[Task objective]: In the answer, give the entries below exactly, from the first line through the line with "LUMIÈRE MIDTOWN –", with every picture omitted.

+--

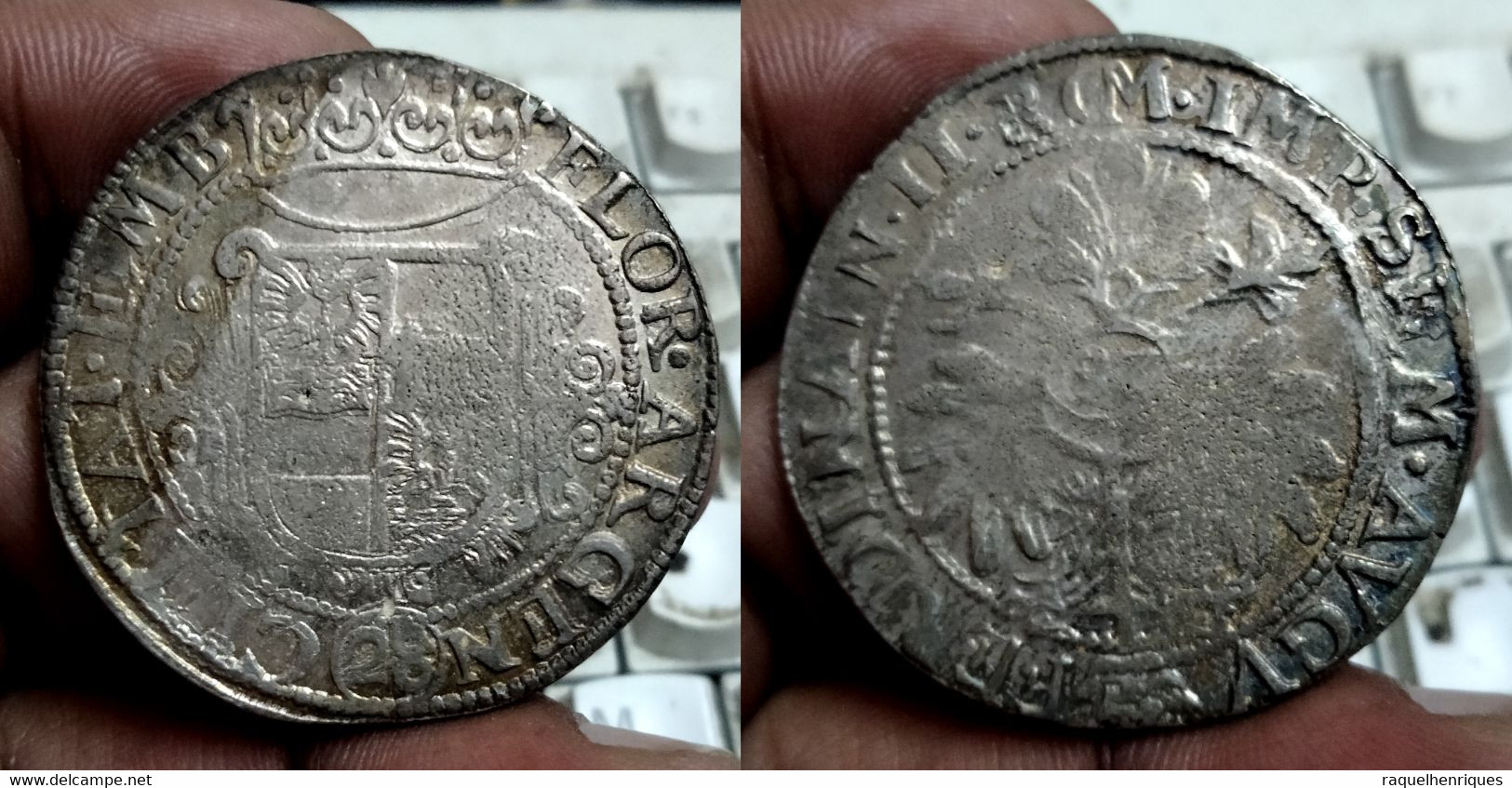 GERMAN STATES - City Of Emden - 28 Stuber 1624-1637 Km# 10 SILVER (G#09-142) - Taler & Doppeltaler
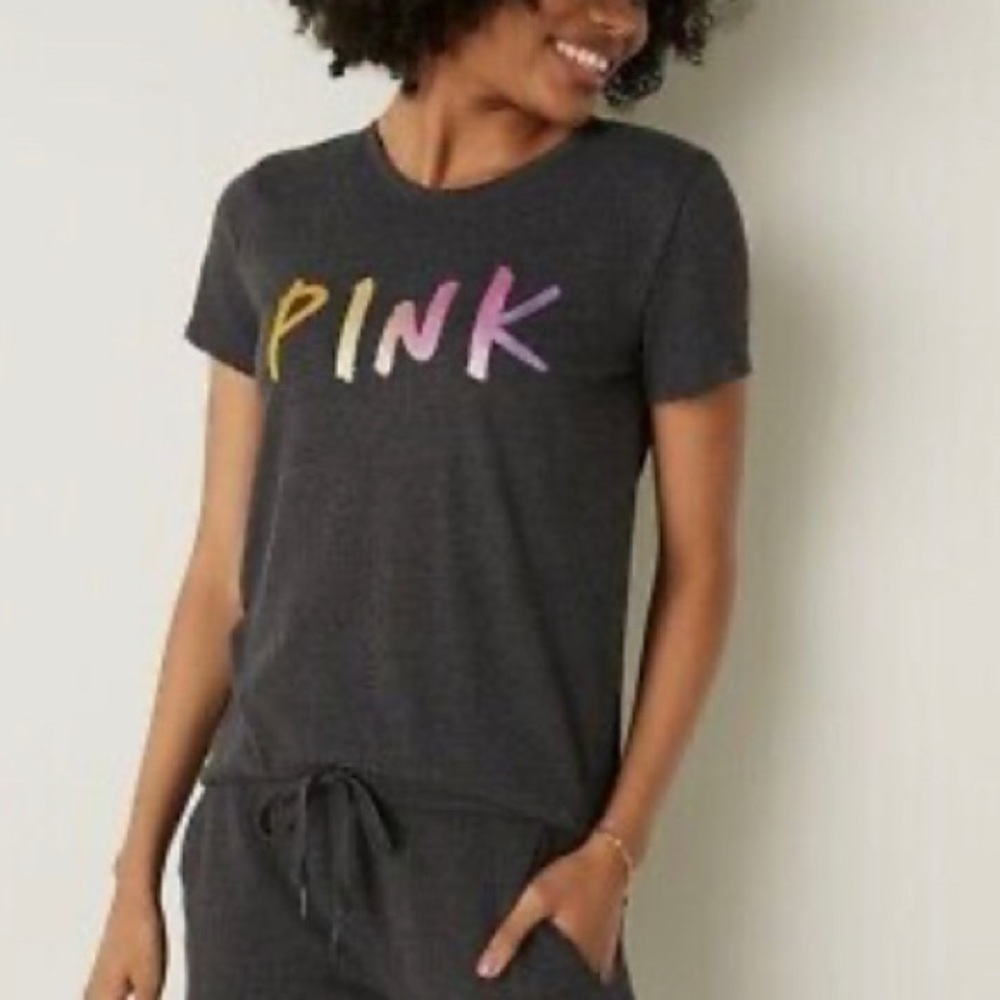 PINK by Victoria’s Secret Grey‎ Top - XSmall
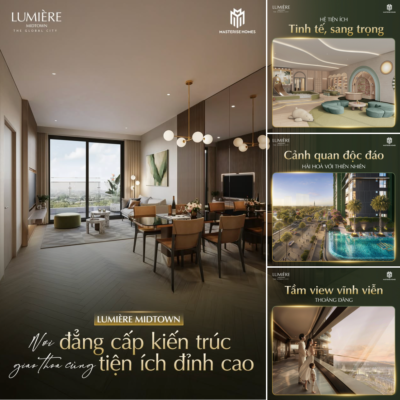 LUMIÈRE MIDTOWN – NƠI ĐẲNG CẤP KIẾN TRÚC GIAO THOA CÙNG TIỆN ÍCH ĐỈNH CAO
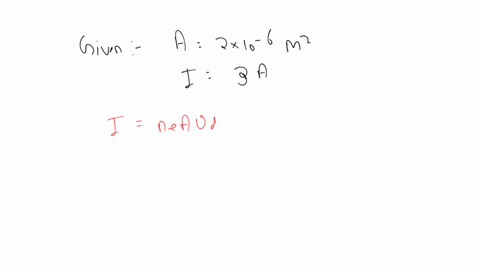 the-number-density-of-free-electrons-in-a-copper-conductor-is-85-1028-m3-how-long-does-an-electron-take-to-drift-from-one-end-of-a-wire-3-m-long-to-its-other-end-the-area-of-crosssection-of-the-wire-i
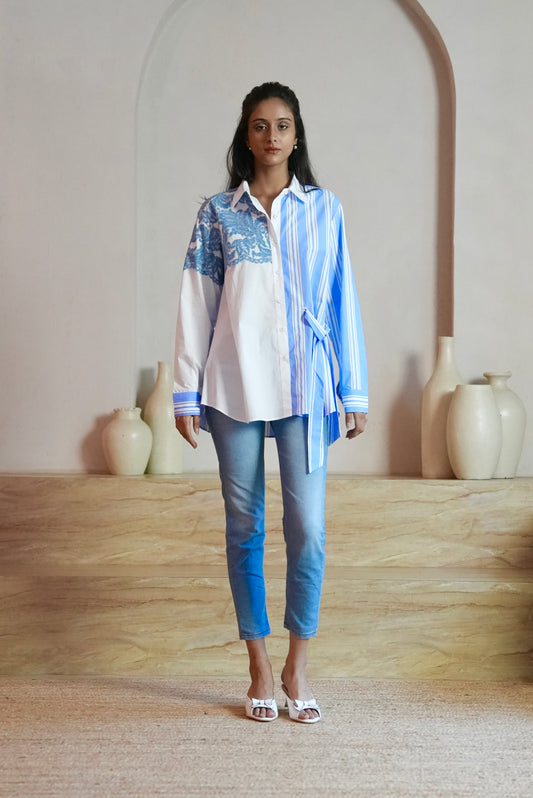 Santorini Blue Shirt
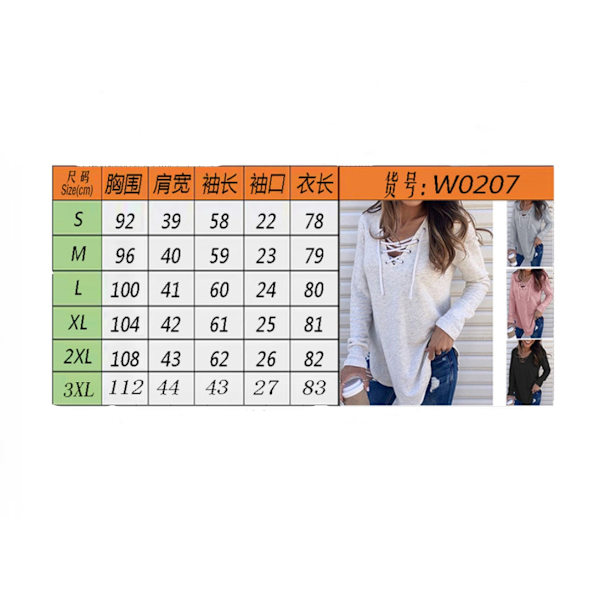 ode løs V-halsrem i ensfarvet T-shirt grey M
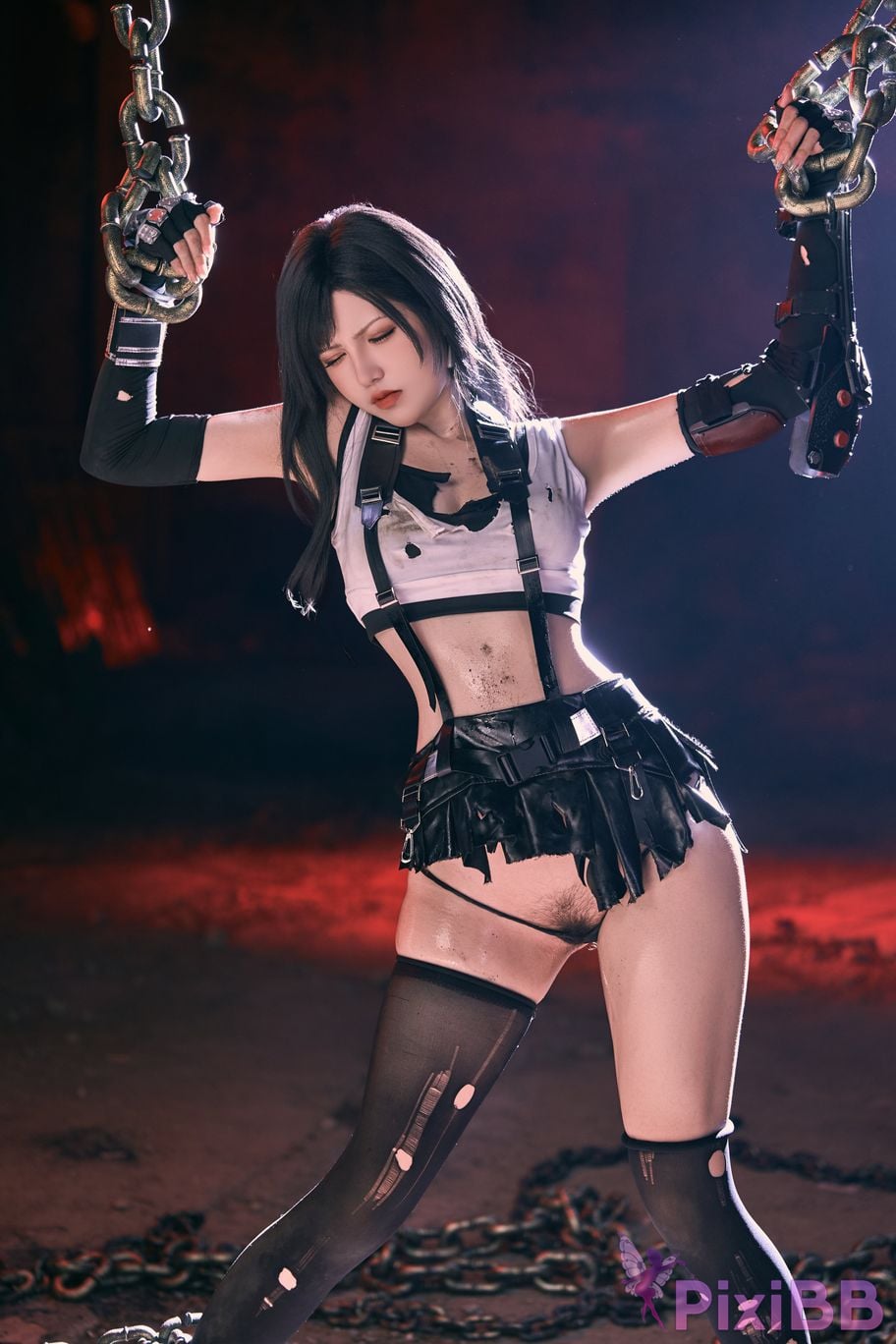 Cosplayer Axun kaOri final fantasy Tifa PixiBB.COM 146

+--

[Task solution]:
 GERMAN STATES - City Of Emden - 28 Stuber 1624-1637 Km# 10 SILVER (G#09-142) - Taler & Doppeltaler
 PINK by Victoria’s Secret Grey‎ Top - XSmall
 LUMIÈRE MIDTOWN – NƠI ĐẲNG CẤP KIẾN TRÚC GIAO THOA CÙNG TIỆN ÍCH ĐỈNH CAO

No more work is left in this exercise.